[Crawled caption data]

++++++++

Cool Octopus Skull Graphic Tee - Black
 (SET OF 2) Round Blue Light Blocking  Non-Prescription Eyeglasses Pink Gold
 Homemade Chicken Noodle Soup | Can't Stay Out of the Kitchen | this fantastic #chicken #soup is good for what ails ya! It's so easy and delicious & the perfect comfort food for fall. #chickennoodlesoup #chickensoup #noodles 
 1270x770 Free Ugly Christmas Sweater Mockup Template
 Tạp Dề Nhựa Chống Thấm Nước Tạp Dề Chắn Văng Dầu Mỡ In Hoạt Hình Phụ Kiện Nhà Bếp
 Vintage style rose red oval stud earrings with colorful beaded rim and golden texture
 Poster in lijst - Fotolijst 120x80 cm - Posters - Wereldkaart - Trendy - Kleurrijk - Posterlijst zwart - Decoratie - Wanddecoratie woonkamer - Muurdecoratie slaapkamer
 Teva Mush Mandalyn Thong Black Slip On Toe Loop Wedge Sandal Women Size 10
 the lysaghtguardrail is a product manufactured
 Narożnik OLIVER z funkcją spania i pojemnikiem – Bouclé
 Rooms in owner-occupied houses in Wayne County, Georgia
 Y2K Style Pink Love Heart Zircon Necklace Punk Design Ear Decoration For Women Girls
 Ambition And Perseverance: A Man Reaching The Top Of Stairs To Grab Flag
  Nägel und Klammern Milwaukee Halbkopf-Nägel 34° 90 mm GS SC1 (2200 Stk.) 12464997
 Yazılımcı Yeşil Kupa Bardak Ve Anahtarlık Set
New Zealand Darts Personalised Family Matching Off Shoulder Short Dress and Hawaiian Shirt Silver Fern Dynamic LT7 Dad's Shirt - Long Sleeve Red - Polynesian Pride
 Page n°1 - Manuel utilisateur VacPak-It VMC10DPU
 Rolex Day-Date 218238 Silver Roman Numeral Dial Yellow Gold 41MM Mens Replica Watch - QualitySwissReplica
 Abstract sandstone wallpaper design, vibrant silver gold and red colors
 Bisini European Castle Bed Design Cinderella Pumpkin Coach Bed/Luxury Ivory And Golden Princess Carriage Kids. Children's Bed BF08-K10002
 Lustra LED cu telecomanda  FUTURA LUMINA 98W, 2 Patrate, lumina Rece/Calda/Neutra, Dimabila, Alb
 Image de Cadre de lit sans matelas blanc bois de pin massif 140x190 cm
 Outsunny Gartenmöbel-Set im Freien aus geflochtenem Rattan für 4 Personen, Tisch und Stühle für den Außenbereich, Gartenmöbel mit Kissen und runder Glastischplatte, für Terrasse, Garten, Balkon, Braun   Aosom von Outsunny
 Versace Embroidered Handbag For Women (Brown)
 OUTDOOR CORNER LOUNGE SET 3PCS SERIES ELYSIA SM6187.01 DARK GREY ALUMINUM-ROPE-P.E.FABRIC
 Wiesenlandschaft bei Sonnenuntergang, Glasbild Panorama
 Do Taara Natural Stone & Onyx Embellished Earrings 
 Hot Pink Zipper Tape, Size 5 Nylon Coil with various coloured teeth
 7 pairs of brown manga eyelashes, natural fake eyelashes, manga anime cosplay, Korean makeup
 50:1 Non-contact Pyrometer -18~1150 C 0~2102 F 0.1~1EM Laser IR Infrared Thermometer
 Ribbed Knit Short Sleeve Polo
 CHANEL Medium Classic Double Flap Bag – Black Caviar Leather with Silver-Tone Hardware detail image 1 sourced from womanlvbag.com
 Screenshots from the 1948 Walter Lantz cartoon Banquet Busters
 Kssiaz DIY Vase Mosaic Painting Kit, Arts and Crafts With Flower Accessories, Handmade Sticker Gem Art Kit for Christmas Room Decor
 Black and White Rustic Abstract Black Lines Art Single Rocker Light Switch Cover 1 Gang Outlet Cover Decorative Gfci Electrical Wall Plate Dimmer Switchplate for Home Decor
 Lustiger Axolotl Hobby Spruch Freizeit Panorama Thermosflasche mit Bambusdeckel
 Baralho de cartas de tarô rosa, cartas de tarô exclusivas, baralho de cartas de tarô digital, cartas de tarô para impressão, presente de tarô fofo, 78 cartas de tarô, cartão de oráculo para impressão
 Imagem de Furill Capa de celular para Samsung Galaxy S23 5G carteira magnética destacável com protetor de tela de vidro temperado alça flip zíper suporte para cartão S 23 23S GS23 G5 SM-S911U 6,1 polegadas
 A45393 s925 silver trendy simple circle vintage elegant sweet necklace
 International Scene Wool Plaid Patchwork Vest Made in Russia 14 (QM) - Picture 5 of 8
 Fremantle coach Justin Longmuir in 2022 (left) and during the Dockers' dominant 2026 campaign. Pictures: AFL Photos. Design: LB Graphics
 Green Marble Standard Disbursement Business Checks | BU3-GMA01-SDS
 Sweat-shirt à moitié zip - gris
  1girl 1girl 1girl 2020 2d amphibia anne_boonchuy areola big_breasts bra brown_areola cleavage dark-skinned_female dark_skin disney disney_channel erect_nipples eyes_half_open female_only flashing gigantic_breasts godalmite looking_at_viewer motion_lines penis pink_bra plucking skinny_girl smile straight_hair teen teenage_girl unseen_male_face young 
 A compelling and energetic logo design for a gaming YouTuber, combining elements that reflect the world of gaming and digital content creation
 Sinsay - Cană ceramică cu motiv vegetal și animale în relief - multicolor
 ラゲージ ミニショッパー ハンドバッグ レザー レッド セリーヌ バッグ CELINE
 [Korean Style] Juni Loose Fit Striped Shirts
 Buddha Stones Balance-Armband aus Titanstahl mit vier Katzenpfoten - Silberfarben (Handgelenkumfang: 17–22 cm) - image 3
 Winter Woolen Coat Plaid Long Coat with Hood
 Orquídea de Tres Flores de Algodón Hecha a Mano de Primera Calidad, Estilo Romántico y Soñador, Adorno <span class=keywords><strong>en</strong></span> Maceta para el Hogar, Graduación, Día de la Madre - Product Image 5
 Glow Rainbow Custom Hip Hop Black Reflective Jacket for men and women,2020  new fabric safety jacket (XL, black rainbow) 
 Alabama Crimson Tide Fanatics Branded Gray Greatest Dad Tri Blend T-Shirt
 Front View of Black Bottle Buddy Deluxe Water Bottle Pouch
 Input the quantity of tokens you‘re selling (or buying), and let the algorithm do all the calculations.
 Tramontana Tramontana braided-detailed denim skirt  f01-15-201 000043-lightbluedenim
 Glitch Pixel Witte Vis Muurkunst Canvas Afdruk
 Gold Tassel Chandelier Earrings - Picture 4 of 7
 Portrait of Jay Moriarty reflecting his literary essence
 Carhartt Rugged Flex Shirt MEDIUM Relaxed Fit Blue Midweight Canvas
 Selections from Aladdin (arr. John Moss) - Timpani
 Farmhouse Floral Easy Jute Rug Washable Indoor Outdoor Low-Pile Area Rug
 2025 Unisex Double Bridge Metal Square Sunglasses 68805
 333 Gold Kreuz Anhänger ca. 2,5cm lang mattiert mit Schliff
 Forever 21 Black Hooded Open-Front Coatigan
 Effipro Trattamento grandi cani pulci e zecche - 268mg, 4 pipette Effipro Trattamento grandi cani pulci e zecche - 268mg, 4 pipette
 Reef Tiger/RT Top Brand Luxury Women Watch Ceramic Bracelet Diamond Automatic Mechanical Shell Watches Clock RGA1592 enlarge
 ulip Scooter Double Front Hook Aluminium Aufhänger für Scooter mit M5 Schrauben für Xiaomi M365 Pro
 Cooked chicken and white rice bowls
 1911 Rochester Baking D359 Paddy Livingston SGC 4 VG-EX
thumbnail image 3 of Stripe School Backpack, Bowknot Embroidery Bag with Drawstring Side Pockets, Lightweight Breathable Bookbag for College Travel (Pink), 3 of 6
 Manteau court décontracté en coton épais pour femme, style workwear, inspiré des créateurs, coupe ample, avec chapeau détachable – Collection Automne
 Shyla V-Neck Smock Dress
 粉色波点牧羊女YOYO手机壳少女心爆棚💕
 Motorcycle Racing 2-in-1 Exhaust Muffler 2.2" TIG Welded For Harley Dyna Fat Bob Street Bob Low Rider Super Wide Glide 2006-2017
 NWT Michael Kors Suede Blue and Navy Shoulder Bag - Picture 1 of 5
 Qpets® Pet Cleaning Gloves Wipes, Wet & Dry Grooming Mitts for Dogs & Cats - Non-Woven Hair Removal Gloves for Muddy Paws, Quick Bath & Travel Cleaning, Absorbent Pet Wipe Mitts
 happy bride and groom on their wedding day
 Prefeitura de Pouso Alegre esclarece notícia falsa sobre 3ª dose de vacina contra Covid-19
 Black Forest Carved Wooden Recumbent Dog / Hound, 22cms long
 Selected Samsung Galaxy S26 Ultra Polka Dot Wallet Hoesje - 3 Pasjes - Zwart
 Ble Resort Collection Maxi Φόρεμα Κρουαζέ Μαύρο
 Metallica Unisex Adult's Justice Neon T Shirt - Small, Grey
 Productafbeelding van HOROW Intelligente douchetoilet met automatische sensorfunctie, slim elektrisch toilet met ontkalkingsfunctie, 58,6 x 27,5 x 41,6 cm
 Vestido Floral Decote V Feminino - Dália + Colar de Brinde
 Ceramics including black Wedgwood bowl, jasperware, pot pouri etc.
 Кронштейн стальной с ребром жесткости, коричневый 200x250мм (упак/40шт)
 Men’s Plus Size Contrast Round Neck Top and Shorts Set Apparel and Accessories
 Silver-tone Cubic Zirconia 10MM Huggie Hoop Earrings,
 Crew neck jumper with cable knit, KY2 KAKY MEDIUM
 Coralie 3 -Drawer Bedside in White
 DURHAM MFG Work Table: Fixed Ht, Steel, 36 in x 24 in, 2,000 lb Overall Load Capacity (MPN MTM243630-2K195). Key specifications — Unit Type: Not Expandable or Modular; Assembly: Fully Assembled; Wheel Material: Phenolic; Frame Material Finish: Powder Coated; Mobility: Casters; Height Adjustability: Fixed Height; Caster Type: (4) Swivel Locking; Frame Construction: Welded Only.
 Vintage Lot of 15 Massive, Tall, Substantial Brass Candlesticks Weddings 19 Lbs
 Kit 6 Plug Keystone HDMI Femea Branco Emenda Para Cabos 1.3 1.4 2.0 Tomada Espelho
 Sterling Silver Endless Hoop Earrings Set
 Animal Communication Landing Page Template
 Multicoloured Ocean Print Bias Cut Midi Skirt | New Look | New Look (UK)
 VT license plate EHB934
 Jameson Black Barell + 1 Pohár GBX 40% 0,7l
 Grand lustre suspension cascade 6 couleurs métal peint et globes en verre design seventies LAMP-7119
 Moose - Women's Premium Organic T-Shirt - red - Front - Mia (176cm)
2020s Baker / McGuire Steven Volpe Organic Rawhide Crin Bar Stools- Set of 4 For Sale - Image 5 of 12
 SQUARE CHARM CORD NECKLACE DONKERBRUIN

++++++++

*PROBLEM TO SOLVE:* Taking the records above, retype every line from the one with "Fremantle coach Justin" down to the one with "Alabama Crimson Tide", exactly and with nothing else.

*TASK RESULT:*
 Fremantle coach Justin Longmuir in 2022 (left) and during the Dockers' dominant 2026 campaign. Pictures: AFL Photos. Design: LB Graphics
 Green Marble Standard Disbursement Business Checks | BU3-GMA01-SDS
 Sweat-shirt à moitié zip - gris
  1girl 1girl 1girl 2020 2d amphibia anne_boonchuy areola big_breasts bra brown_areola cleavage dark-skinned_female dark_skin disney disney_channel erect_nipples eyes_half_open female_only flashing gigantic_breasts godalmite looking_at_viewer motion_lines penis pink_bra plucking skinny_girl smile straight_hair teen teenage_girl unseen_male_face young 
 A compelling and energetic logo design for a gaming YouTuber, combining elements that reflect the world of gaming and digital content creation
 Sinsay - Cană ceramică cu motiv vegetal și animale în relief - multicolor
 ラゲージ ミニショッパー ハンドバッグ レザー レッド セリーヌ バッグ CELINE
 [Korean Style] Juni Loose Fit Striped Shirts
 Buddha Stones Balance-Armband aus Titanstahl mit vier Katzenpfoten - Silberfarben (Handgelenkumfang: 17–22 cm) - image 3
 Winter Woolen Coat Plaid Long Coat with Hood
 Orquídea de Tres Flores de Algodón Hecha a Mano de Primera Calidad, Estilo Romántico y Soñador, Adorno <span class=keywords><strong>en</strong></span> Maceta para el Hogar, Graduación, Día de la Madre - Product Image 5
 Glow Rainbow Custom Hip Hop Black Reflective Jacket for men and women,2020  new fabric safety jacket (XL, black rainbow) 
 Alabama Crimson Tide Fanatics Branded Gray Greatest Dad Tri Blend T-Shirt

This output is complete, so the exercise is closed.